## PROBLEM TO SOLVE
Check which lines in the records hold "pattern" and report how many there are, with no other text.

··· DATA PROVIDED

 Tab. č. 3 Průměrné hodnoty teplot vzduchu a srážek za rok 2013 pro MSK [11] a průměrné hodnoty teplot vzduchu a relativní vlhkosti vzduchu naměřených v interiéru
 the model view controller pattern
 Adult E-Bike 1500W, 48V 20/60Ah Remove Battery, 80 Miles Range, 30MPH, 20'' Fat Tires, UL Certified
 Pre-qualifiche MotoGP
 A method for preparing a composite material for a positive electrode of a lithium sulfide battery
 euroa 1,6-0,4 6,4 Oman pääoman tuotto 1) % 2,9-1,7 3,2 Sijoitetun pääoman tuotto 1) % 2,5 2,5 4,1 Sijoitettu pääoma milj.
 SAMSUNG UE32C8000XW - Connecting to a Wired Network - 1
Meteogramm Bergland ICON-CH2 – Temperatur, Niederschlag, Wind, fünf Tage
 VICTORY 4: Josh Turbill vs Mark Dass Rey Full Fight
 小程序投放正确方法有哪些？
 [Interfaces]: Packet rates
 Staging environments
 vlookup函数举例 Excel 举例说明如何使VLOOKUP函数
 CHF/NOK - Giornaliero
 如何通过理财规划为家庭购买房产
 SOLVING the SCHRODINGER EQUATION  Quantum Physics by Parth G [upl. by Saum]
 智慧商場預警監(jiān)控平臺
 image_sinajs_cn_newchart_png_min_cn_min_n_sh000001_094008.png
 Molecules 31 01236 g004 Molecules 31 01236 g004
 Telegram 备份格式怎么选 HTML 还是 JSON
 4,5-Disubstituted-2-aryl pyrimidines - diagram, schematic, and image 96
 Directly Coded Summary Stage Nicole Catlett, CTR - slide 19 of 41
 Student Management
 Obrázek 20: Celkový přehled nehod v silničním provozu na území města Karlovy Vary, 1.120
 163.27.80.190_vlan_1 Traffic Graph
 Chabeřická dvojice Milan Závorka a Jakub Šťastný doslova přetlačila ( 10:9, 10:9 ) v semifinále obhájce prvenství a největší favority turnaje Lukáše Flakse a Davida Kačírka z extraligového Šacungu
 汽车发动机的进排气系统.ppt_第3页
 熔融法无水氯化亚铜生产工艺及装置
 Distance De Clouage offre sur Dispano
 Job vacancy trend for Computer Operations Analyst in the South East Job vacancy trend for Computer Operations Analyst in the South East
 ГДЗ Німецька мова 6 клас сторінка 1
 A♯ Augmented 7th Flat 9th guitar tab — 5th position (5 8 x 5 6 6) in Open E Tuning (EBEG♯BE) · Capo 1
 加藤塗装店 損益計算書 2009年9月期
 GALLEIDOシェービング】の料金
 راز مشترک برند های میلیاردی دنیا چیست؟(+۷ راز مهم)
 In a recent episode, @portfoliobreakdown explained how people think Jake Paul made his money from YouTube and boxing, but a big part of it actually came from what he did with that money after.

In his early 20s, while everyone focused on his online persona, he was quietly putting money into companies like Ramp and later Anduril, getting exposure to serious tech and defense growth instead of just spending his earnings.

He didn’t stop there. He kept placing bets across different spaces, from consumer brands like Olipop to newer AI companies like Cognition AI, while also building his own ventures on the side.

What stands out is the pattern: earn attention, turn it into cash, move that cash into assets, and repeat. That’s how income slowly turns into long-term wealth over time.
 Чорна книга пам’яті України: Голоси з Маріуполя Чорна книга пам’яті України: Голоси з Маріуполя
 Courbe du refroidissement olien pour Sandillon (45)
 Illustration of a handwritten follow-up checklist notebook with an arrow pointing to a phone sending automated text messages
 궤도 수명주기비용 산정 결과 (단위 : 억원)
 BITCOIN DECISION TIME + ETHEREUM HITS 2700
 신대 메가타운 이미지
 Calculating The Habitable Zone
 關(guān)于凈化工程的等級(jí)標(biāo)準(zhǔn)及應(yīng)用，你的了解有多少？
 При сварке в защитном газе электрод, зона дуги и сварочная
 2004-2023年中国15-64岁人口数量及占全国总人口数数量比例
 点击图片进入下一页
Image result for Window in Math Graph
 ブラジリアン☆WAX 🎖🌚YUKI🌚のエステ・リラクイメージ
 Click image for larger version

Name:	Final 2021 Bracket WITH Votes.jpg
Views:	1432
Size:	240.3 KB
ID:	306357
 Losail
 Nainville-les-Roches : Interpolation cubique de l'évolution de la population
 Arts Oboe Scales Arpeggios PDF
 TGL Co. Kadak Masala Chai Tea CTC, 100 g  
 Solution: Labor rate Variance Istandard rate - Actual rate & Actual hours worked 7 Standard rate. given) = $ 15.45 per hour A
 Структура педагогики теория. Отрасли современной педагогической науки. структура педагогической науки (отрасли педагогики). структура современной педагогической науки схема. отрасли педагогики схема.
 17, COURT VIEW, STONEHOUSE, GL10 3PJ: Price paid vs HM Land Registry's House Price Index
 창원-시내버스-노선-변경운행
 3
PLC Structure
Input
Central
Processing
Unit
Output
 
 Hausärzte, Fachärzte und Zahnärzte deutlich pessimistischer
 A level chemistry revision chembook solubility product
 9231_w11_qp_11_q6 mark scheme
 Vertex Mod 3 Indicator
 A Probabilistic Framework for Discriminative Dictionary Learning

······

## ANSWER TO THE EXERCISE
2